Baseline information at the time that CRRT began was collected, such as age, sex, weight, cause of AKI (e.g., septic and nonseptic), initial CRRT settings (e.g., target dose, blood flow rate, and target ultrafiltration), mechanical ventilation, use of vasopressors, the division of intensive care unit, and severity indices (e.g., the sequential organ failure assessment [SOFA], the Acute Physiology and Chronic Health Evaluation [APACHE] II, and the Charlson comorbidity index [CCI]). The SOFA, APACHE II, and CCI scores were calculated using the original formulas [1517]. Laboratory values, such as pH, potassium, bicarbonate, and phosphate levels, were measured at least twice a day after starting CRRT until the day of VT occurrence or of CRRT discontinuation for patients who did not develop VT. Systolic and diastolic blood pressures were also collected both before and after the VT events.
All patients were monitored with bedside monitors, which produced waveforms of electrocardiograms. VT events were documented in their electronic medical records, and the first VT event was retrospectively collected for the present study. VT was classified as non-sustained VT (NSVT) or sustained VT (SVT) as follows: NSVT, ≥3 consecutive ventricular beats with an R-R interval of 600 ms and lasting <30 seconds; and SVT, a ventricular rhythm of >100 beats per minute lasting ≥30 seconds or requiring termination due to hemodynamic instability.
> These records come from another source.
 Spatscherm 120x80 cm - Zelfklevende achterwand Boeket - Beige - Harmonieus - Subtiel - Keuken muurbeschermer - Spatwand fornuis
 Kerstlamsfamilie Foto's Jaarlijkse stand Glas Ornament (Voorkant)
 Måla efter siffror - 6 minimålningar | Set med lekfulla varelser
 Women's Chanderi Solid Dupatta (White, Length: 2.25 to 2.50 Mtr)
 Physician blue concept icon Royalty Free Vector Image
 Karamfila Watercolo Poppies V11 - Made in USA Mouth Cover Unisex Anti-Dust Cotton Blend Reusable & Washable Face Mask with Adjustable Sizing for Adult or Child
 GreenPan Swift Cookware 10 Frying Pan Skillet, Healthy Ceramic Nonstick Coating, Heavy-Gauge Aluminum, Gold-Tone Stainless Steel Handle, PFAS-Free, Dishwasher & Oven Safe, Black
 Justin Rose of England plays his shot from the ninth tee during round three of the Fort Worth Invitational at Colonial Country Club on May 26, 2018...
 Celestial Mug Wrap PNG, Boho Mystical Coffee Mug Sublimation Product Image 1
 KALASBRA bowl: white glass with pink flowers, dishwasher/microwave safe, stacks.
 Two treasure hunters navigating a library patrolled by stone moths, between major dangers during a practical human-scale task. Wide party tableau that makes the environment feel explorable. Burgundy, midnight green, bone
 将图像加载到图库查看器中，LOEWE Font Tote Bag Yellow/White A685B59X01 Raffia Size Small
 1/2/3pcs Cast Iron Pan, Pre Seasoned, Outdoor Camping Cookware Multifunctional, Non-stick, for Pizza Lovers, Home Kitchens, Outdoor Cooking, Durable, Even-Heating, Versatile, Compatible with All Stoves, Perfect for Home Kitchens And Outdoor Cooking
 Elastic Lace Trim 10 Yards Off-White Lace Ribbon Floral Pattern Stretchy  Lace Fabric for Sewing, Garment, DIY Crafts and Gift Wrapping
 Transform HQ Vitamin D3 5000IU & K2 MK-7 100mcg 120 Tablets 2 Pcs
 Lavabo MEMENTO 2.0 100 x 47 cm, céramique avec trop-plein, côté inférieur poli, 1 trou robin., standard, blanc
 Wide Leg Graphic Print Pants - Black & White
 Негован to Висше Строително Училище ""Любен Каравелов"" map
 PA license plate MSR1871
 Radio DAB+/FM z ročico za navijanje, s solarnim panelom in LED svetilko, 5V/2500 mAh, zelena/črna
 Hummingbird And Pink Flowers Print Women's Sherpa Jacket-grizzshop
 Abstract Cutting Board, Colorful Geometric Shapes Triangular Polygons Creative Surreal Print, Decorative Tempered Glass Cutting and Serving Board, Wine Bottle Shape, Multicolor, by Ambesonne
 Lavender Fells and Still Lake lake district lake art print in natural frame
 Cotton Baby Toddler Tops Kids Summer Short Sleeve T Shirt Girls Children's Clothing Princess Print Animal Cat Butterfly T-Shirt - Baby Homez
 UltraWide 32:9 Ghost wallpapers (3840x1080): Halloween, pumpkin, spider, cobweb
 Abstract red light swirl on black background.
The primary outcome was all-cause mortality after CRRT, and it was stratified by timeframe (e.g., 7 days, 30 days, and 90 days). Any change in blood pressure during the VT events was additionally evaluated.

Statistical analysis

Categorical and continuous variables are presented as proportions and means ± standard deviations when they were normally distributed and as medians with interquartile ranges when they were not normally distributed, respectively. The normality of the distribution was analyzed using the Kolmogorov-Smirnov test. The chi-square test or Fisher exact test was employed to compare categorical variables. The Student t test or the Mann-Whitney U test was used to analyze continuous variables with or without a normal distribution. The Wilcoxon signed-rank test was carried out to confirm significant changes in continuous variables.
We assessed the effect of VT on mortality outcomes by constructing Kaplan-Meier curves and performing a log-rank test. The hazard ratios and confidence intervals for mortality outcomes were calculated using the Cox proportional hazard regression model. Due to a violation of the Cox proportion assumption, we used a logistic regression model and calculated the odds ratios (ORs) of mortality outcomes with adjustment for multiple variables. The adjusted variables were selected based on the significance of their association with mortality. A competing risk Cox proportional hazard regression model was used at multiple time points of CRRT with time-dependent variables (e.g., pH, potassium, bicarbonate, and phosphate) to investigate the predictors of VT. Time-dependent variables were obtained until VT occurrence or discontinuation of CRRT. All statistical analyses were performed using the IBM SPSS version 27 (IBM Corp.) and R software version 3.5.1) (R Foundation for Statistical Computing). A p-value of <0.05 was considered statistically significant.


Patient demographics

The baseline characteristics are presented in Table 1. The mean patient age was 64 ± 15 years, and 38.6% of the patients were female. The proportion of patients with sepsis was 54.9%. VT occurred in 150 patients (6.3%); most cases took place within 1 week after CRRT initiation (Fig. 1). Patients who developed VT were more likely to require mechanical ventilation or ≥3 vasopressors and had higher SOFA scores than patients without VT.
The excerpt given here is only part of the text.